Task statement: Give back the exact lines of the material below from the one containing "Time Saving Tips" through the one containing "Sweat Is A Result", and no pictures.

Material to process:
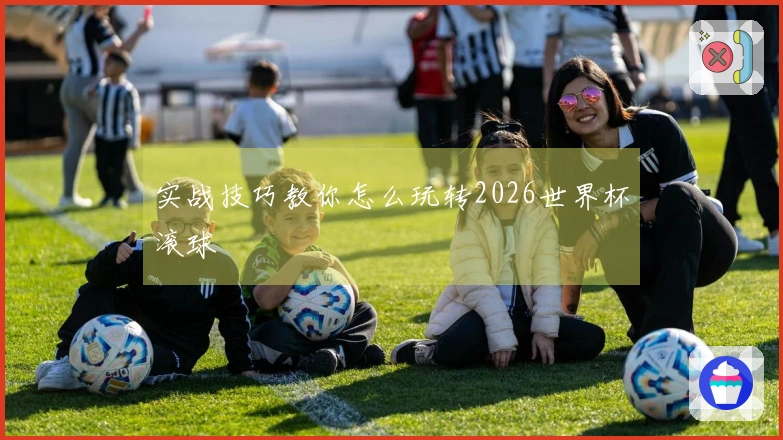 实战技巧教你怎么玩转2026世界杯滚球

==

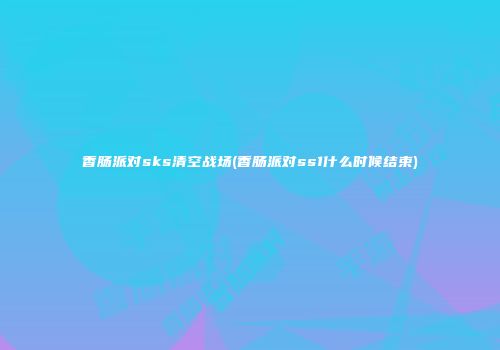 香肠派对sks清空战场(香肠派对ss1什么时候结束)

...

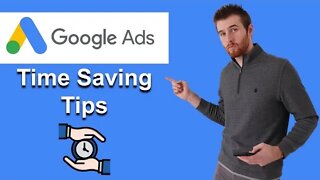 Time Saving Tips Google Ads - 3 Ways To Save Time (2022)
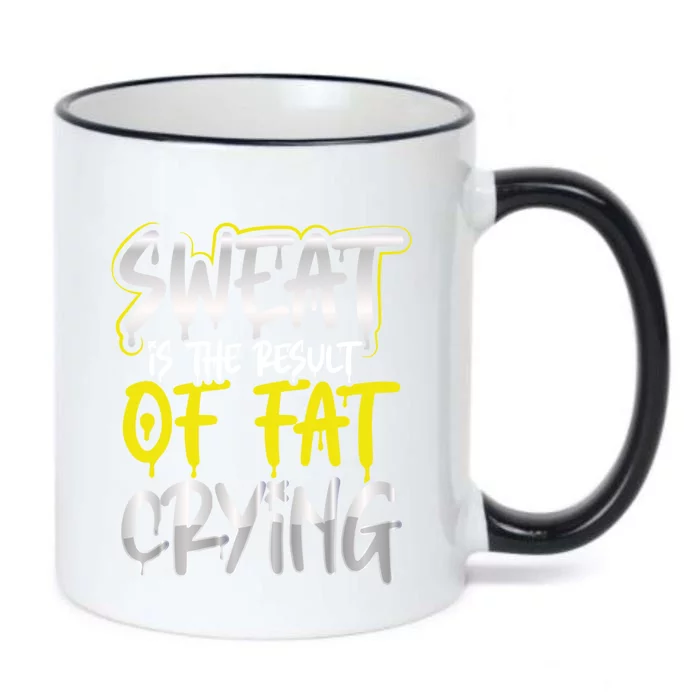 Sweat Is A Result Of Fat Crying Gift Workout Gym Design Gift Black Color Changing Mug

Solution to the exercise:
 Time Saving Tips Google Ads - 3 Ways To Save Time (2022)
 Sweat Is A Result Of Fat Crying Gift Workout Gym Design Gift Black Color Changing Mug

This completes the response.